Whatever happened to the ‘Customer is Always Right’? Getting close to calling a
customer a liar is not the best way of forming a relationship, so we were not off to a
good start and I got the impression that my receptionist was not really interested in anything I might say.
It doesn’t help that Ancaster place a computer screen between receptionist and customer so that there can be little human
interaction as neither can see each other. It is very
off-putting.
By the time I left, my phone had a text message on it with a link to a service
progress chart. By 11 a.m. it showed a half way marker but over the next four
hours it did not move at all. Then my phone rang for all of four seconds.
The number indicated it was Hyundai so I called it. After three seconds under
nine minutes I was told no service agents were available. Fortunately I still
had the phone in hand when it rang again. The Ancaster lady said it was bad news and I
thought an MOT failure perhaps, but it was far worse than that.

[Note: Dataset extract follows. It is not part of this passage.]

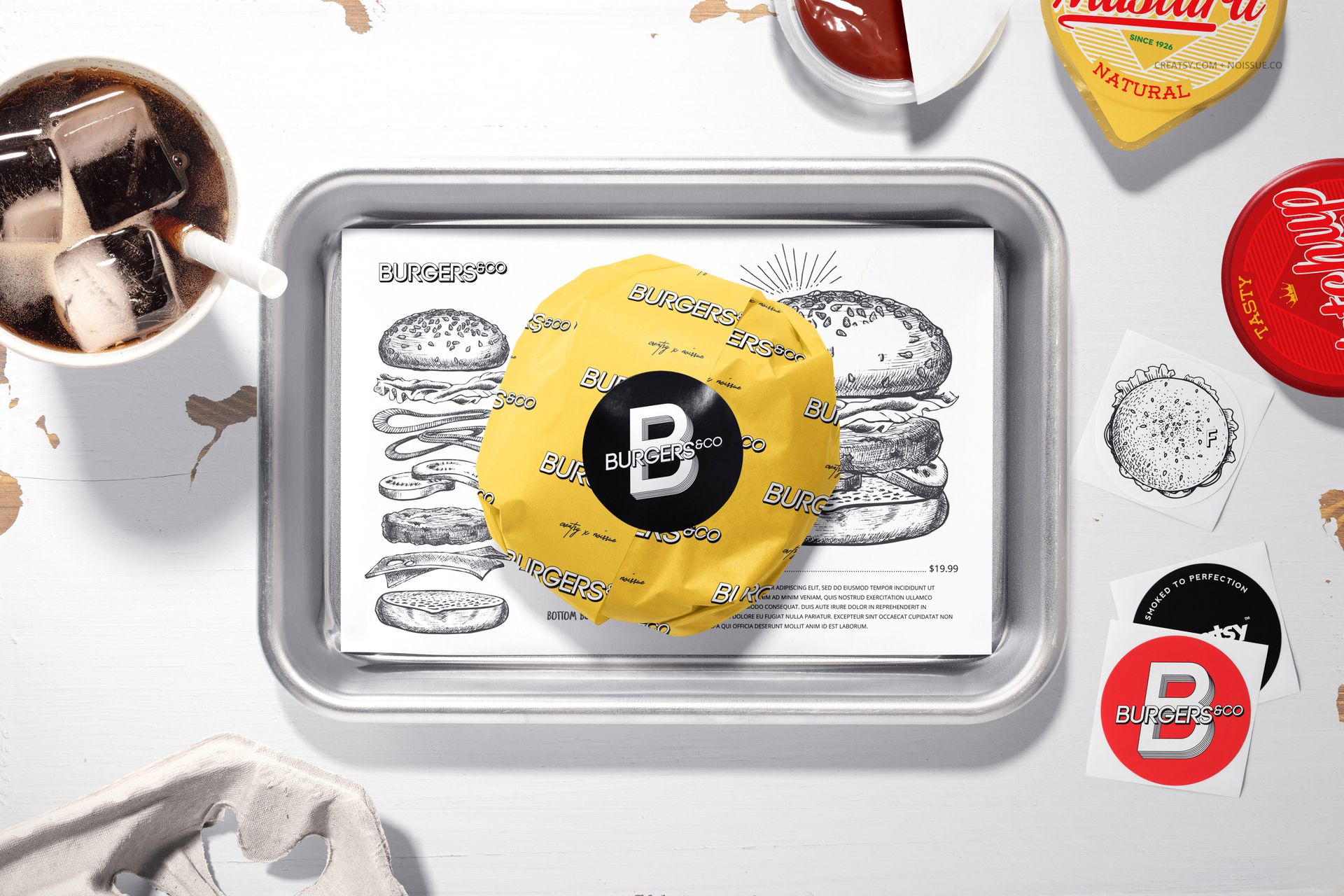 PSD mockup showing a burger in yellow wrapping paper with logo, set on a tray with illustrated food-themed paper.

I was told that they had applied a software update but it had failed half way
through and now the car would not start up at all. Hyundai HQ had told them it
must go back to their main depot in Tilbury because the update had likely
screwed up the battery fatally.
I accepted it calmly, these things happen, and was assured that I would be kept
informed of progress. I have not been. I tried phoning and that took another nine
minutes listening to a message about buying a new car from Ancaster. What a way
to treat potential customers.
The email address Ancaster had used to contact me proved to be ‘No Reply’ although
it didn’t say so. Brilliant; but I found another which did work. Unfortunately
there was no response to that either.
So I am now carless and haven’t a clue about what is going on.

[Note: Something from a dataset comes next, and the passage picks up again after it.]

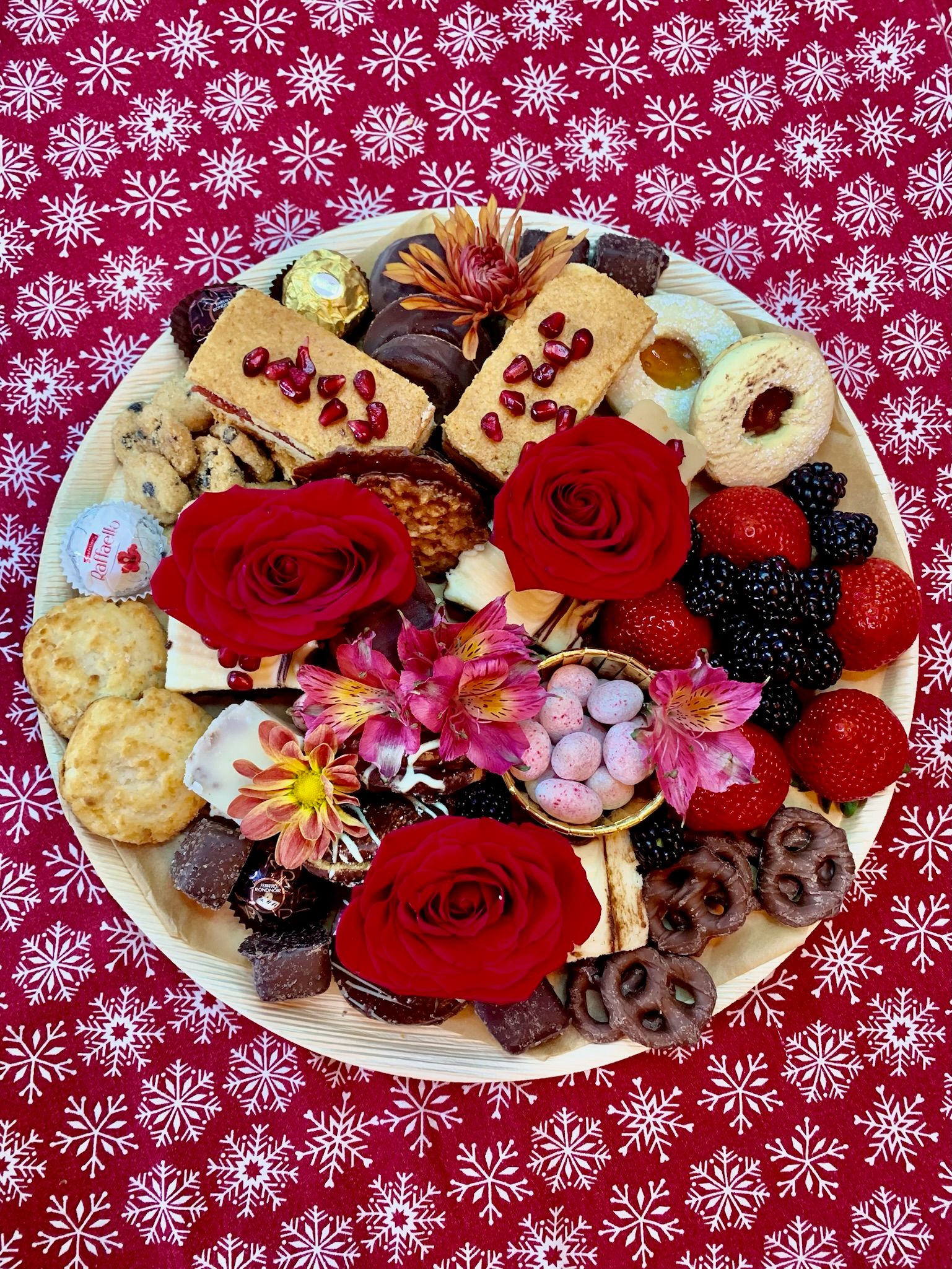 A plate of cookies and berries on a red table cloth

How to treat customers. Not. This afternoon I shall have to catch an SL3 to Sidcup hospital
and make my way from there.
Note: Even after seven years, dealers do not really
understand electric cars. My guess is that the software detected the known
manufacturing defect in the LG battery and closed the system down for safety
reasons. The software probably did not trip over itself and wreck the system as
was implied but instead did what it was supposed to do. Disable a battery
known to have been assembled incorrectly. It
is, after all, four years since Hyundai said that things may become critical
and it is well known that the fault becomes worse over time. Because they have
so badly let customers down the dealer is having to pick up the problems.
Probably I should inform the Driver and Vehicle Standards Agency that their
instructions have been so flagrantly disregarded by Hyundai UK.